CLEMSON — Eric Johnson of Clemson University put on a white “clean suit” that covered his body from head to toe, leaving little more than his eyes exposed.

He stepped into a chamber and stood still as jets blasted him with air. Only when every effort had been made to remove the tiniest of particles from his suit did he open the lab door.

Eric Johnson works in the clean room at the Advanced Materials Research Lab.

Eric Johnson works in the clean room at the Advanced Materials Research Lab.

Millions of dollars in highly sensitive equipment were at the ready. Johnson and his research group were there to make photonic and optoelectronic devices.

Those devices have already made it possible to scan barcodes and watch Blu-ray movies, but Johnson is working to take the technology a step further.

His research could fundamentally change how computers work, and fellow scholars are taking a keen interest.

Johnson has been named ACC Distinguished Lecturer. As part of the honor, as many as five universities in the Atlantic Coast Conference will invite him and his colleagues to lecture and, hopefully, stimulate collaborations with other researchers.

“I’m excited to go out and tell people what’s going on here at Clemson in terms of photonics and optoelectronics,” Johnson said. “There’s a lot going on here. We’ve got something special, and being able to share that with people is a good thing.”

Some of his most up-to-date information is coming from his research at the Advanced Materials Research Lab in Anderson County.

Johnson and his research group make devices called “optics” by etching microscopic patterns onto silicon and glass wafers, then they shine an ordinary light beam through the optics to make the light do extraordinary things.

When light is transmitted in precisely the right way, it can carry massive amounts of data. If researchers can figure out how to do it on a large scale at a low cost, it could upend how computers have worked for more than half a century.

Computing has largely depended on copper wires laid on silicon microchips to carry electrons. But in the future, a greater share of information could surf on a wave of light.
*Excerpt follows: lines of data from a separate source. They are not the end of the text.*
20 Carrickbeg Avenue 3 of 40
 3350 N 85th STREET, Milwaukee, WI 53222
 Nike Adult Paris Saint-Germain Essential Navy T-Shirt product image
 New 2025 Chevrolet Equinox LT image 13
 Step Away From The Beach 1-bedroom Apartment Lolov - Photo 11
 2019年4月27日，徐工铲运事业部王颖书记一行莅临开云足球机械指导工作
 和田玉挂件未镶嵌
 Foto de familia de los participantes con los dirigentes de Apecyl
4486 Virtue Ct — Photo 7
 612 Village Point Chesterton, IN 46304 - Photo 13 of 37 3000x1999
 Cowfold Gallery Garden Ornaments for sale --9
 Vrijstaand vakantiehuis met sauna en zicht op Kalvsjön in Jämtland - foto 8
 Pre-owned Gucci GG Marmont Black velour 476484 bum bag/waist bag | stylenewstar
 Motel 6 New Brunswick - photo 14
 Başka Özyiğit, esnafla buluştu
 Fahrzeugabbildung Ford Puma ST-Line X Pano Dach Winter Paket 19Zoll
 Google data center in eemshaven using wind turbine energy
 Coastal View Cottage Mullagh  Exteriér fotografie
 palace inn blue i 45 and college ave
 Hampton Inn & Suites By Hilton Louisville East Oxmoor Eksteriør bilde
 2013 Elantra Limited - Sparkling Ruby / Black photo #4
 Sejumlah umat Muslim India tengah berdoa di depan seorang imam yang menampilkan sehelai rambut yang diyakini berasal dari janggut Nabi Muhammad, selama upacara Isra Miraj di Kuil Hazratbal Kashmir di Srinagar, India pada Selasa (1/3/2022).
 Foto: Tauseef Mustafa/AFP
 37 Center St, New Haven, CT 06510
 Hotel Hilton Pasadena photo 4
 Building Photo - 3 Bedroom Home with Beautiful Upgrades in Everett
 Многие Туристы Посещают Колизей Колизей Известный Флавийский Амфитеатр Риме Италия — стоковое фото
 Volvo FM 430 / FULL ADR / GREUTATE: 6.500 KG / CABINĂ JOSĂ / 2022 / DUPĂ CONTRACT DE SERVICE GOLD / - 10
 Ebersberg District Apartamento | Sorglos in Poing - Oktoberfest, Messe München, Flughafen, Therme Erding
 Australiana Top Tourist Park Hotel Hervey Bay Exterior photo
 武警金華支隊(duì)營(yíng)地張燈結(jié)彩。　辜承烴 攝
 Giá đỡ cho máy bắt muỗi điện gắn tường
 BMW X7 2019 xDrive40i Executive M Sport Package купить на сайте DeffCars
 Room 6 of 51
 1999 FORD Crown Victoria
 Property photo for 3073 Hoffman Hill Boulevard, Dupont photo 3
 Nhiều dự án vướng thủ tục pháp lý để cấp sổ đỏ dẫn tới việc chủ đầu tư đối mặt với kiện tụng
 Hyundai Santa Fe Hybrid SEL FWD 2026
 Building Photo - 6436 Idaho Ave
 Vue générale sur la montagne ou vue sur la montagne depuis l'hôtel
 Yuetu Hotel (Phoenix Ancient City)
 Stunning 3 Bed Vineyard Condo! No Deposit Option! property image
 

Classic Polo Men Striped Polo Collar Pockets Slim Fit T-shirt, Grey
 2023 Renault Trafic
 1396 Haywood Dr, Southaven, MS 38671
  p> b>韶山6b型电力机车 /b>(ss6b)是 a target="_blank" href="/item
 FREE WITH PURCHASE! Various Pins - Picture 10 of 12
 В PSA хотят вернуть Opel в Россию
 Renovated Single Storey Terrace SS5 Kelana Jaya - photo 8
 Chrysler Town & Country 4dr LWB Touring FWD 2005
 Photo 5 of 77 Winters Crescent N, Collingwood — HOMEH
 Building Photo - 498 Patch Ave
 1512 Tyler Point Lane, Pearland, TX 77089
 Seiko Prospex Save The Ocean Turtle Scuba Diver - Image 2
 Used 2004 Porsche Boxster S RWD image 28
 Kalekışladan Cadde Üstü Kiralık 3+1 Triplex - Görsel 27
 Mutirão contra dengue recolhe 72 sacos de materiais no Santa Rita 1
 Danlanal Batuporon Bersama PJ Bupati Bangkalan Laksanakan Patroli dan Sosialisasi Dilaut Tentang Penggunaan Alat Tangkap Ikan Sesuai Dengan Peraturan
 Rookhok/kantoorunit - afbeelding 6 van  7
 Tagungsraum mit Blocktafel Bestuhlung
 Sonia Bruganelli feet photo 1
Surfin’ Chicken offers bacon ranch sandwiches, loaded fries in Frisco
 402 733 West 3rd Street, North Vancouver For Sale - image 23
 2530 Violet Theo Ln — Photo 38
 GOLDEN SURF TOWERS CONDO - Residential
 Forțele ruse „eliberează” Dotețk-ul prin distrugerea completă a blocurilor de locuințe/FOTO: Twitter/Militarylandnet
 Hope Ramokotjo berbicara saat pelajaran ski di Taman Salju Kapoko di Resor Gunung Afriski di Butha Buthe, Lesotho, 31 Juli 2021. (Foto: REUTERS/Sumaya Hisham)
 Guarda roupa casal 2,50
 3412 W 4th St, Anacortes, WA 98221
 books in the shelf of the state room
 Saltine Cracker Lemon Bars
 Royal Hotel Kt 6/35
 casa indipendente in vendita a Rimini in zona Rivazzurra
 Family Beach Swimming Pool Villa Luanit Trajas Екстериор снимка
It would mean computers would run faster and use less energy.

Eric Johnson works with a student in his lab.

Johnson works with a student in his lab.

Congratulations for Johnson’s ACC honor came from across the conference, including a note from Robert H. Jones, executive vice president for academic affairs and provost at Clemson.

“Being named distinguished lecturer is the highest honor conferred by the ACC Academic Consortium,” Jones said. “This is great news and well-deserved. It’s an honor that shows the impeccable research and scholarship that he brings to Clemson.”

Johnson illustrated how he transforms light by shining a laser through an optic that projected an orange Tiger paw onto the side of a case in his lab.

To understand how he and his research group made the optic, you have to go back to what they do in the clean room.

Researchers start with a wafer. Inside the cleanroom, the wafer is spun, covered with liquid, exposed to ultraviolet light, stenciled, washed in developer and etched with ions. When it’s all done, they have a disk covered in squares that reflect rainbow colors like a CD and appears smooth to the naked eye.

Viewing it through a microscope, though, reveals something entirely different.

“If you were to look at that Tiger paw optic very closely under a microscope, you would see this topography that more or less looks like the Grand Canyon,” Johnson said. “But the dimensions are on the order of a micron or a few microns. As light propagates and moves through that, it forms the image of a Tiger paw.”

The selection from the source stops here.